# Exercise details
Transcribe the lines below exactly. No image belongs in the transcription.

# Data block
====

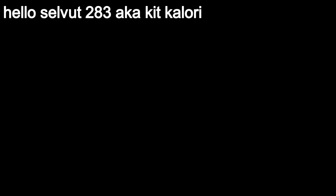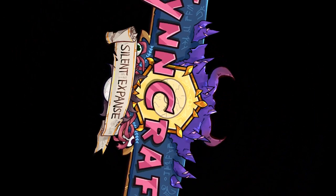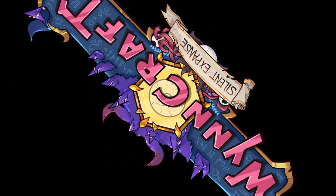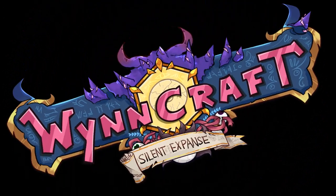Hi, my name isn't Selva283, aka Kit Kalori, those are just my screen names, and I'm here alongside Xavier to start an awesome new WinCraft Let's Play collaboration effort!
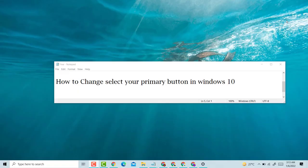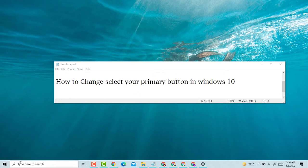Hello guys, welcome to my channel. How to change your primary mouse button in Windows 10. Search for Settings.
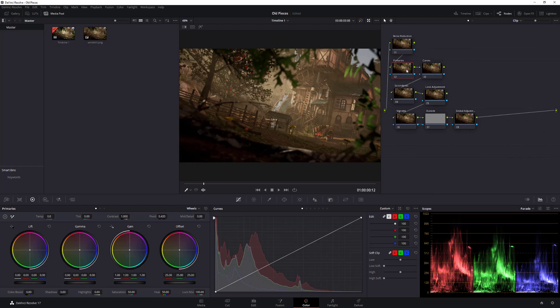The node structure goes: noise reduction to make sure you have a clean image, then primaries for the primary edits, curves if you want curve adjustments, secondary for secondary edits after the first two, look adjustment for a creative look or LUT, vignette for the outside areas, and finally a last global adjustment. This makes it very easy to edit and control. When I used to use DaVinci Resolve I would just have one node, but over time professionals who work in Hollywood gave me guidance — this is the simplification of that.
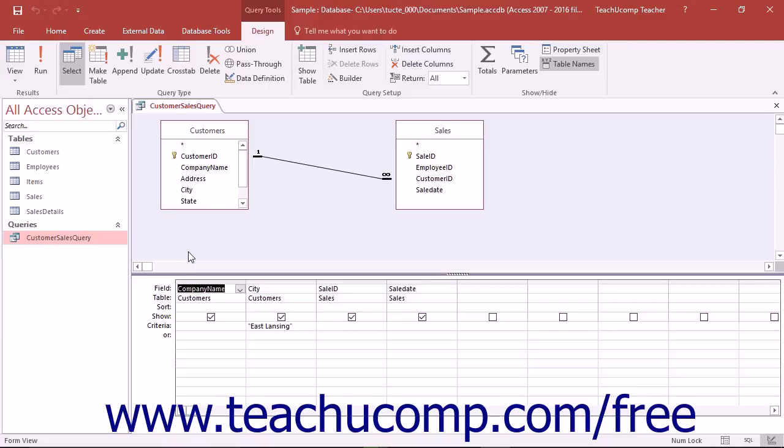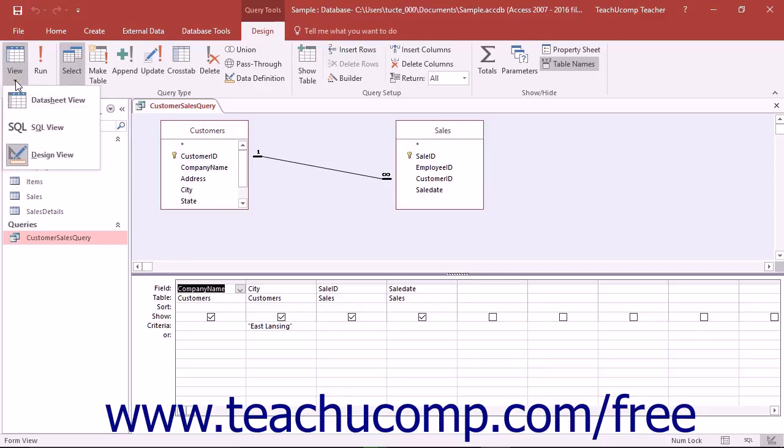You can view the SQL code for any query by opening the query in Design view and then clicking the View drop-down button in the Results group on the Design tab of the Query Tools contextual tab within the ribbon.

====

# Answer area
Hi, my name isn't Selva283, aka Kit Kalori, those are just my screen names, and I'm here alongside Xavier to start an awesome new WinCraft Let's Play collaboration effort!
Hello guys, welcome to my channel. How to change your primary mouse button in Windows 10. Search for Settings.
The node structure goes: noise reduction to make sure you have a clean image, then primaries for the primary edits, curves if you want curve adjustments, secondary for secondary edits after the first two, look adjustment for a creative look or LUT, vignette for the outside areas, and finally a last global adjustment. This makes it very easy to edit and control. When I used to use DaVinci Resolve I would just have one node, but over time professionals who work in Hollywood gave me guidance — this is the simplification of that.
You can view the SQL code for any query by opening the query in Design view and then clicking the View drop-down button in the Results group on the Design tab of the Query Tools contextual tab within the ribbon.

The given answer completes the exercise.